|Flood Insurance Information|
|News Releases - Civic News & Info|
|Written by Missy Lundberg|
|Tuesday, 31 May 2011 14:44|
· Flooding is the #1 natural disaster in the United States. Just a few inches of water from a flood can cause tens of thousands of dollars in damage.
· Most homeowners insurance policies do not cover flood damage. State Farm’s homeowner policies do not provide coverage for flood.
· If your community participates in the National Flood Insurance Program, which is administered by the Federal Emergency Management Agency (FEMA), you can buy a flood insurance policy through your agent.
· A flood insurance policy normally takes 30 days from the date of purchase to go into effect.
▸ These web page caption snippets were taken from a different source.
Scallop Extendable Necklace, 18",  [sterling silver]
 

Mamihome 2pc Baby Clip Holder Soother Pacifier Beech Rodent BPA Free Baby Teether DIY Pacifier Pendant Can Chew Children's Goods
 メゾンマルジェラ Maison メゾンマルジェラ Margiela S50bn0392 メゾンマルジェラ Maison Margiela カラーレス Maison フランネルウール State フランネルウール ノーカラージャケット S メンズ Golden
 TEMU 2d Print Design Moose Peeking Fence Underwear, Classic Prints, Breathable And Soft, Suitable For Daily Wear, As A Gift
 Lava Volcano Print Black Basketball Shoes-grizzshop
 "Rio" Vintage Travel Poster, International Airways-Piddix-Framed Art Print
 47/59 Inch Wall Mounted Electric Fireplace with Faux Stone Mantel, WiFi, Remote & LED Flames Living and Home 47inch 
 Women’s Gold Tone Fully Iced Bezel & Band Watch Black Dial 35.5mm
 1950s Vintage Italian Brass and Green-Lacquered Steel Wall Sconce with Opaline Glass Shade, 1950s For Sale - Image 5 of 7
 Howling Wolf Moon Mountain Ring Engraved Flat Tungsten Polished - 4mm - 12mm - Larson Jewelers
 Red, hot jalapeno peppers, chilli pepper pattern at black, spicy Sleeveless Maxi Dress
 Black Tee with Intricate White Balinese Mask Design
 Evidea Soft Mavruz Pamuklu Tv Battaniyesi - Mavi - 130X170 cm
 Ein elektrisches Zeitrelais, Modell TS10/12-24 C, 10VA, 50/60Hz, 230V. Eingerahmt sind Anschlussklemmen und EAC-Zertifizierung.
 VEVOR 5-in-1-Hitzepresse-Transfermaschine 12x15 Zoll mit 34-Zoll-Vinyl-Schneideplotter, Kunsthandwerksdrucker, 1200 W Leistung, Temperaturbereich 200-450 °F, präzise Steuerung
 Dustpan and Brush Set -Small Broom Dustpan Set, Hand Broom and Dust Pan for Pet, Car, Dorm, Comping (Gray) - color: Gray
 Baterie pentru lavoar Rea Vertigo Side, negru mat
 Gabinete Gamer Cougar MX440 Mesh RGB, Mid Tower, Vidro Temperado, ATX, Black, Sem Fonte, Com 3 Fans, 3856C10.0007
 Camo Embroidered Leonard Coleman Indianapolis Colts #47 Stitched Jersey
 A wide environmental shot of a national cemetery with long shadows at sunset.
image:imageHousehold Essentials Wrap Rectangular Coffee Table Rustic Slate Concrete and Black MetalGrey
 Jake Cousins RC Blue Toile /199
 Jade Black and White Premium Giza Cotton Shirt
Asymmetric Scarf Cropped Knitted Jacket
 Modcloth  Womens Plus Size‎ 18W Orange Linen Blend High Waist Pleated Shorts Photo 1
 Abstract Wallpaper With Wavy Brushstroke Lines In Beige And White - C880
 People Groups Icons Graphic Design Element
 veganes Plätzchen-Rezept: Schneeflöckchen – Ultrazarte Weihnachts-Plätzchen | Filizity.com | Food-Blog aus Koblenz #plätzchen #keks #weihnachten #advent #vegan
So, don't wait until a flood is imminent to buy a policy.
· According to FEMA, over the past 10 years, the average flood claim has amounted to nearly $48,000. Flood insurance is the best way to protect yourself from devastating financial loss.
· Nearly 25% of flood claims come from low to moderate risk areas.
· Flood insurance is available to homeowners, renters, condo owners/renters, and commercial owners/renters. Costs vary depending on how much insurance is purchased, what it covers, and the property's flood risk.
If a flood is likely in your area, you should:
· Listen to the radio or television for information.
· Be aware that flash flooding can occur. If there is any possibility of a flash flood, move immediately to higher ground. Do not wait for instructions to move.
· Be aware of streams, drainage channels, canyons, and other areas known to flood suddenly. Flash floods can occur in these areas with or without such typical warnings as rain clouds or heavy rain.
If you must prepare to evacuate, you should do the following:
· Secure your home. If you have time, bring in outdoor furniture. Move essential items to an upper floor.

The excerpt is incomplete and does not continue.